▶ _What this task involves_
For this exercise, copy all the data exactly and include none of the pictures.

____________

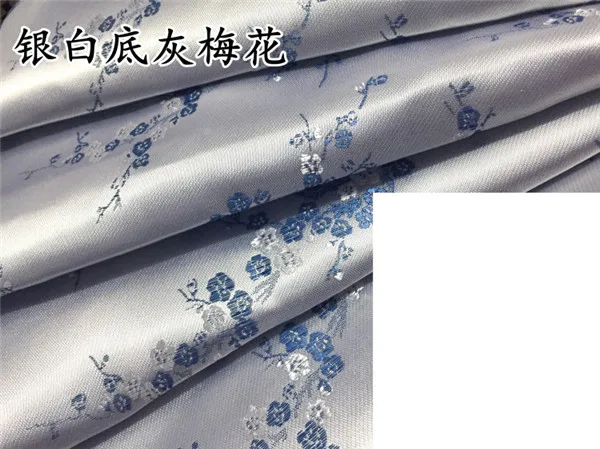 90 см* 100 см парча ткань костюм кимоно cheongsam шелковая парча ткань сливы серии качество украшения одежды diy ткань - Цвет: 5
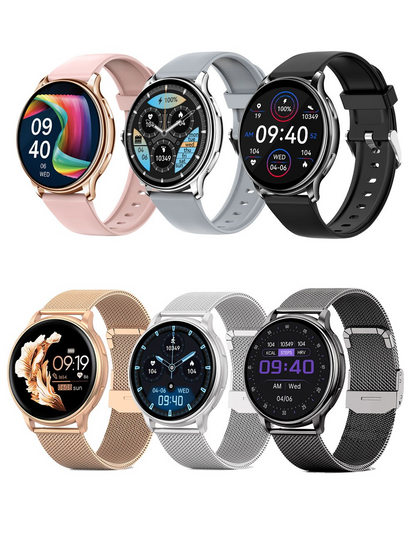 Luxury Smartwatch Health Monitoring Bluetooth Calls Long Battery Life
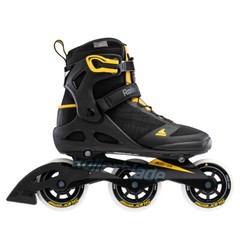 ROLLERBLADE Men’s Macroblade 100 3WD Black/Safron Yellow Fitness Inline Skate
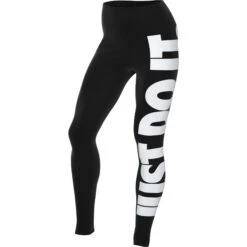 Nike Sportswear Essential High-Rise Leggings Dames - Black/white CZ8534-010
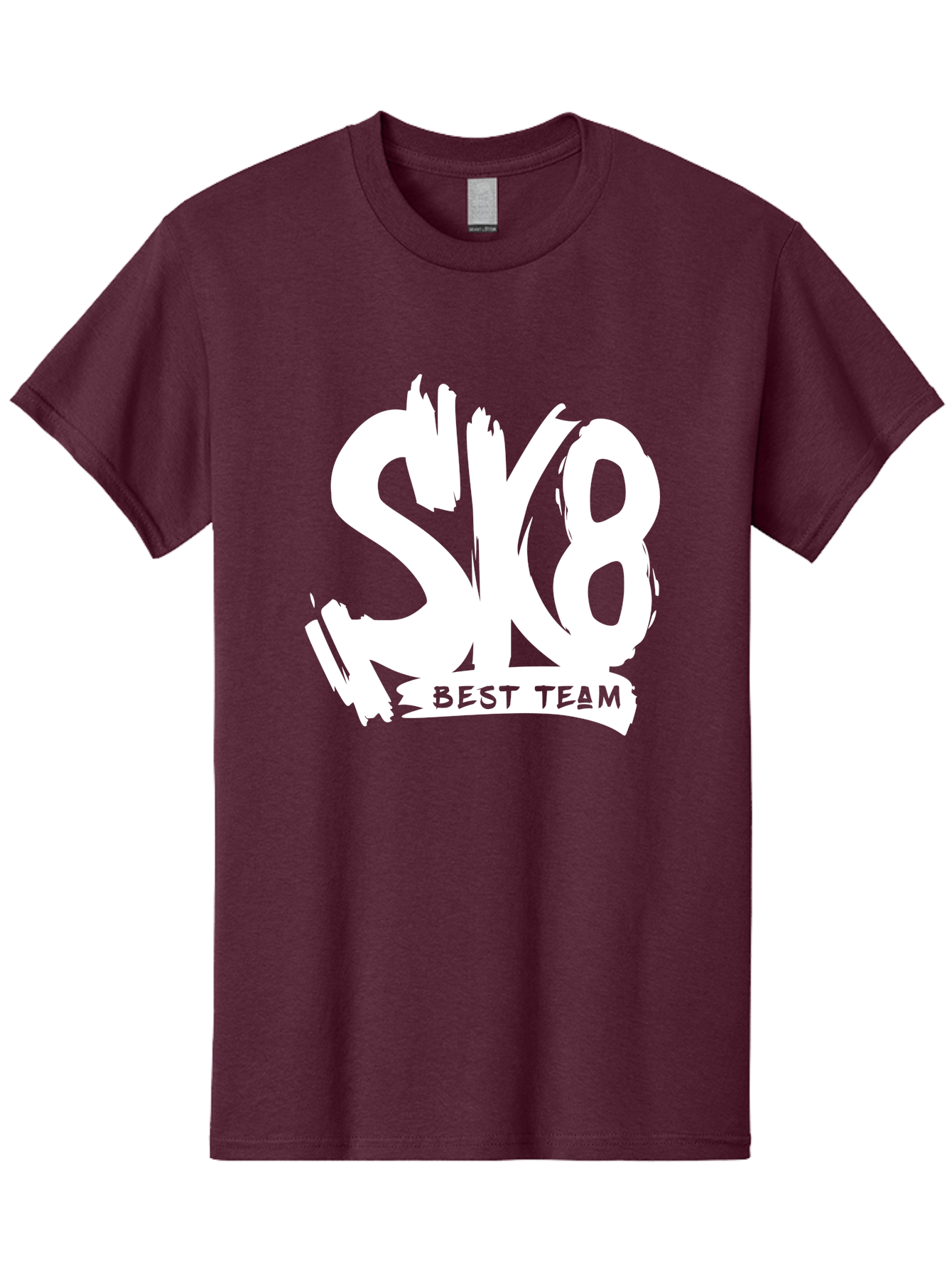 Sk8-Best-Team Men'S Graphic Tee, 100% Cotton, Comfortable Casual Summer Wear, Machine Washable, Action Sports Team Logo, Skateboarding Graphics, Team Spirit, Best Team Logo, Sports Branding, Team Identity, Skate Culture Aac164 7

____________

▶ _Response to this exercise_
 90 см* 100 см парча ткань костюм кимоно cheongsam шелковая парча ткань сливы серии качество украшения одежды diy ткань - Цвет: 5
 Luxury Smartwatch Health Monitoring Bluetooth Calls Long Battery Life
 ROLLERBLADE Men’s Macroblade 100 3WD Black/Safron Yellow Fitness Inline Skate
 Nike Sportswear Essential High-Rise Leggings Dames - Black/white CZ8534-010
 Sk8-Best-Team Men'S Graphic Tee, 100% Cotton, Comfortable Casual Summer Wear, Machine Washable, Action Sports Team Logo, Skateboarding Graphics, Team Spirit, Best Team Logo, Sports Branding, Team Identity, Skate Culture Aac164 7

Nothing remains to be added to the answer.